Yesterday was mighty nightmarish in the life of this developer. I had trained a conv-net meant to classify an object I was trying to recognize and later on manipulate using vision-based control. Since PYTORCH had tensor computation with strong GPU acceleration and differential backprop capabilities based on the torch auto-grad system, I took advantage of its python compatibility since it would mean I could easily write my control code in rospy or roscpp and publish vision/control topics that reduces interoperability issues when working with different Linux processes. Only that I didn’t anticipate Python 2 and Python 3 module import problems way ahead of time. I would give more background below.

Background

For the record, I run ROS 1.x (indigo bare bones) on a ubuntu 14.04 machine with a 32GB RAM. The pytorch developers encourage users to install Torch with conda and typically use python3 since python 2 will be phased out in the near future. So, I had been using pytorch in a conda environment that both had a python 2 and python 3 environment. I could easily switch environments by turning on or off whichever python version I wanted. For details on how to do this, see this doc from the folks at conda.
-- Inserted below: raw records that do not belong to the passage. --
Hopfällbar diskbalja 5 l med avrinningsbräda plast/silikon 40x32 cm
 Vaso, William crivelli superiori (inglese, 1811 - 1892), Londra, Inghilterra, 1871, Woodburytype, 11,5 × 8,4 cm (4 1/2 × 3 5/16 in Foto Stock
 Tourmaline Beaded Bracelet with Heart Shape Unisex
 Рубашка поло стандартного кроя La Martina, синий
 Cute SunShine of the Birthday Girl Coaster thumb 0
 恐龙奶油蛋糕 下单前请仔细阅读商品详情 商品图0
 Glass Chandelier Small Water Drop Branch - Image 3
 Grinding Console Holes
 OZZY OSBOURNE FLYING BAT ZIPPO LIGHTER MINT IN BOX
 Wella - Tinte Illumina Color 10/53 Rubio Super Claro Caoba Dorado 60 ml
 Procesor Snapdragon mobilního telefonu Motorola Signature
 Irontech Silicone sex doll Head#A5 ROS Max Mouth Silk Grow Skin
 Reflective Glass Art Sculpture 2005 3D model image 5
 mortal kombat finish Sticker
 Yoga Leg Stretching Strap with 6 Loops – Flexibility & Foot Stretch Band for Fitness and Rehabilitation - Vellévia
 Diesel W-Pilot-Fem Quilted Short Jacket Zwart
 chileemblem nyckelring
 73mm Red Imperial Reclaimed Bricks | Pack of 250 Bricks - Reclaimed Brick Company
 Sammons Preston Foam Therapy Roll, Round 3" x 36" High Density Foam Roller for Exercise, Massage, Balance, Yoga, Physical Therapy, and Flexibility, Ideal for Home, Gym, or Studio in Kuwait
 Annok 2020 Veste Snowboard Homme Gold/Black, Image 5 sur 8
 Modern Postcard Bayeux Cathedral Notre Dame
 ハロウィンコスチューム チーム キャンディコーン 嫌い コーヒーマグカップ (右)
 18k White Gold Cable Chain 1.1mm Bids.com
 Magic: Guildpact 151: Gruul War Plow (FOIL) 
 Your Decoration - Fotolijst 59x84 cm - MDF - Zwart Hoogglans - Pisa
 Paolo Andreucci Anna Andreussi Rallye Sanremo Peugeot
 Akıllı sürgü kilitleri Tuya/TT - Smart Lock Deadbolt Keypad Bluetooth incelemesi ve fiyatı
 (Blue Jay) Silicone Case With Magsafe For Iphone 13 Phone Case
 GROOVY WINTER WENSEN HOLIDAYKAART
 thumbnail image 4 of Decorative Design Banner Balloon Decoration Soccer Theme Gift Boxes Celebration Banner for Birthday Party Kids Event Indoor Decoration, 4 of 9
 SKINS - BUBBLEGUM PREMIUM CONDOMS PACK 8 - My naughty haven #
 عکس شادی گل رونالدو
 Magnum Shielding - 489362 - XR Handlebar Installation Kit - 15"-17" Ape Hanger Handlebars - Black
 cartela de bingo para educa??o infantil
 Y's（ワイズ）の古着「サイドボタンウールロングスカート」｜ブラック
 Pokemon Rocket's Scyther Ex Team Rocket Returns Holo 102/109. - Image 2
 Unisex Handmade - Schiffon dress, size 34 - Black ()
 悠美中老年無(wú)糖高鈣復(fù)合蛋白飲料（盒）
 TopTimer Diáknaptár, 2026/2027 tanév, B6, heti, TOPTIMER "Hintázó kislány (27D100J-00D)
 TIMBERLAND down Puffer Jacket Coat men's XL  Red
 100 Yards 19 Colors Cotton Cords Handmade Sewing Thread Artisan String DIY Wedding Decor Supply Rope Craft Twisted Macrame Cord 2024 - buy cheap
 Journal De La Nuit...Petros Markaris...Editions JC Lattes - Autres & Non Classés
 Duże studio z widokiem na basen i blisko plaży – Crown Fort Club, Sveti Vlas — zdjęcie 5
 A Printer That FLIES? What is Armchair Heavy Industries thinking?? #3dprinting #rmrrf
So far, everything was working great. For ros applications that does not involve image processing classes such as CvBridge, I was able to get ros and pytorch to talk in python3 despite python3 being unofficially supported for ROS 1.x (see this github wiki). Getting this to work involves pip installing the necessary ros dependencies in python3 using this requirements.txt file. This github repo page shows how I do this.

Anyways, so I trained a conv net model in pytorch, no big deal. I had a roscpp node in running on a different workstation, but within the same ros network broadcasting sensor_msgs/Image RGB images on a designated topic. Given what I know, it should be easy subscribing to the image topic and forwarding the video stream through the pre-trained neural network model to obtain classification results. But boy was I wrong.

Importing torch into rospy

When you install pytorch with conda, it typically places the installation relative to your anaconda install path. For me this was in /home/$USER/anaconda3. So to be able to import Torch and use rospy’s’ CvBridge class simultaneously, I installed the following modules: netifaces, catkin_pkgs and rospkg via pip while in the python3 conda environment. Then I tried to import the convnet model from a different module’s class into a rospy module I had written.

to be able to import Torch and use rospy's CvBridge simultaneously, I installed the following modules: netifaces, catkin_pkgs and rospkg via pip

Say convnet.py model had entries like so:

    import torch
    import torch.nn as nn

    class ResNet(object):
      def __init__(self, args, **kwargs)

      def convModel(self, arg1, arg2):
        '''
          define some conv models
        '''

      def forward(self, x):
        '''
         do stuff with conv layers
        '''
        return self.fc(prev_layer(x))

and process_images.py file had an import statement like so

  from convnet import ResNet

  '''
    do stuff with imported model
  '''

I got weird errors like

    >> Python 3.6.0 (default, Oct 26 2016, 20:30:19)
    [GCC 4.8.4] on linux2
    Type "help", "copyright", "credits" or "license" for more information.
    >> No module named Torch

Huh? Country boy comes to town. But the convnet.py model imports Torch okay. I figured the problem must be because I installed pytorch with the python3 version. And so I pulled the python2 version of pytorch from Soumith’s channel.

Now when I import, it says stuff like convnet module xx compiled with a different Torch version. What the heck pytorch?

Solution

At this moment, I stepped out for a walk, and caught a brainchild. What if I do away with the conda build of pytorch and instead install pytorch from source or PyPI?

It turns out that this is the most error-less prone way to import pytorch models into a rospy file or indeed a python2 file. To do this, I temporarily moved my anaconda3 folder out of bash’s native path, pulled the latest pytorch commit from github and then installed with python setup.py install.

Now when I try out the above commands, everything works well.

It turns out that this is the most error-less prone way to import Pytorch models into a rospy file or indeed a python2 file. To do this, I temporarily moved my anaconda3 folder out of bash’s native path, pulled the latest pytorch commit from github and then installed with python setup.py install.

So my two cents to the robotics community running neural net models in pytorch or tensorflow and using such models in rospy or equivalent environments is to always go for the source installation whenever and if possible. You would save yourself a lot of headache and time-waste.